Przy tej okazji również sonda została zakupiona, wymieniona, check zresetowany.
po odbiorze auta (lipiec) wystarczyło go odpalić - check pojawił się po kilku minutach znowu, wjechać na autostradę, pojechać 120 km/h i wyświetliło zbyt niski poziom płynu chłodzącego. Zjechałem szybko na bok, odczekałem chwilę, odkręciłem korek od zbiornika ale płyn był. Pomyślałem, że może wtyczka (ta pod zbiornikiem) nie styka. Poruszałem nią trochę, komunikat o płynie przestał się wyświetlać, byłem nawet z siebie dumny:)
Pojechaliśmy na rajd kujawski, wszystko poza nieodłącznym checkiem ok.
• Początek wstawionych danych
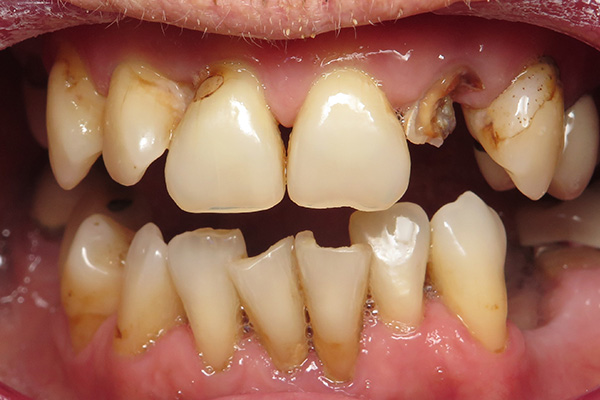Battle Ground Full Mouth Reconstruction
Komunikatów o płynie brak, więc sukces.
polatałem trochę wokół komina , wszytsko ok, więc wybrałem się na wigilię do Bełchatowa.
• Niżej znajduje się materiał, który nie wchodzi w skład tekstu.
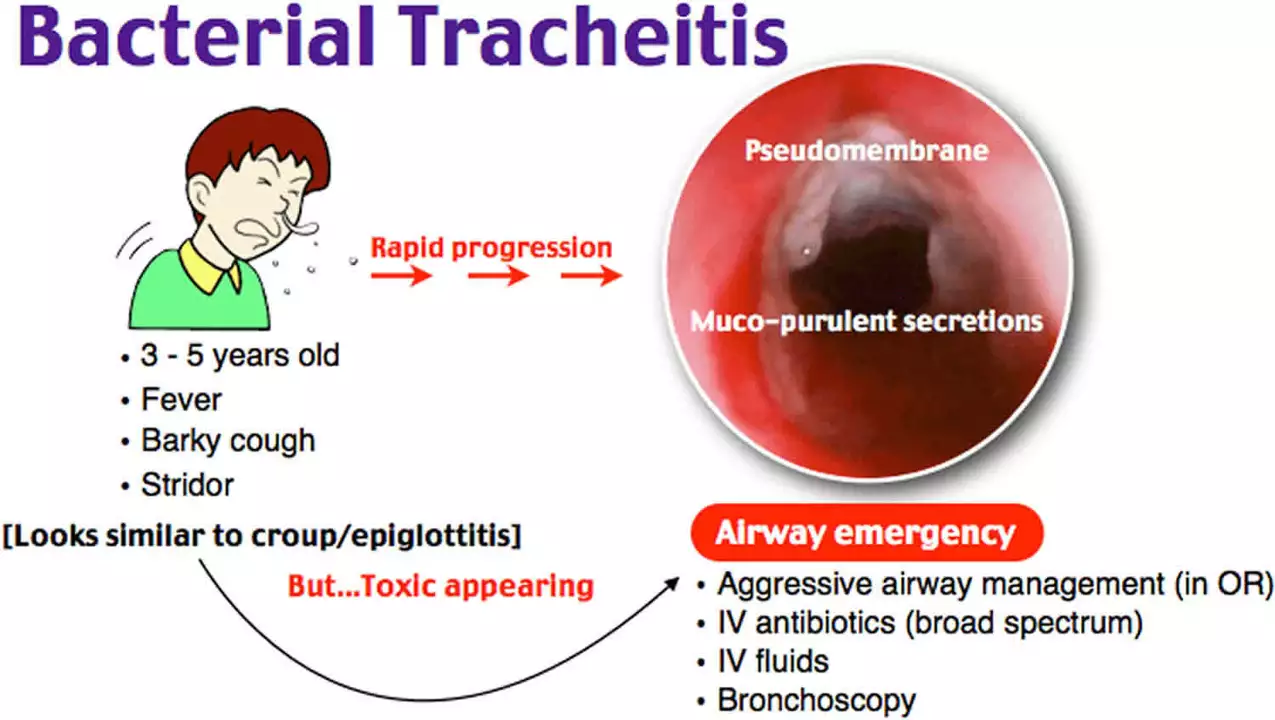 How azithromycin can help treat tracheitis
jadąc ok. 110 km/h znowu pokazał zbyt niski poziom.
oczywiście niemal przerażenie, podniosłem od razu temperaturę w środku, zgasł - uff jakoś dojadę.
spokoju nie dawało mi , że wskaźnik temperatury cały czas w miejscu.
wkurzyłem się i na S8 obniżyłem temperaturę do 21 stopni (ile można w saunie jechać? ) i znowu przyśpieszyłem.
oczywiście w ślad za tym pojawił się ten cholerny komunikat, ale tym razem nie obniżyłem prędkości, nie zwiększyłem temperatury, tylko jechałem dalej, obserwując wskaźnik temperatury i o dziwo po kilku kilometrach zgasł ?!
po dojechaniu na miejsce, dziękując Bogu i ojczyźnie, sprawdziłem poziom płynu w zbiorniczku i o dziwo , dalej był stan!
Wracając, niemal ten sam scenariusz, choć o połowę mniej stresu.
sam nie wiem, o co chodzi
mam małe zapocenie przy głowicy, ale jakby tam wywalało płyn, to już bym go nie miał, a mam, stąd ta teoria o wężach zaczęła mi pasować, ale sam już nie wiem.
do tego ten cholerny nawiew, jakby słabiej działał
pojęcia zielonego nie mam, czy to jest jakoś ze sobą powiązane, czy trzeba jakiegoś jasnowidza?
niemniej bardzo Ci dziękuję za pomocne wskazówki
co do odłączenia akumulatora, jestem w stanie, wpisać kod do radia też (już to przerabiałem) ale co masz na myśli o kalibracji hamulców?
chyba mnie to przerasta.
jak już gdzieś na forum pisałem, miłośnikiem kotów zdecydowanie jestem, mechanikiem niestety nie
do zobaczenia gdzieś na drodze - nie mylić z poboczem!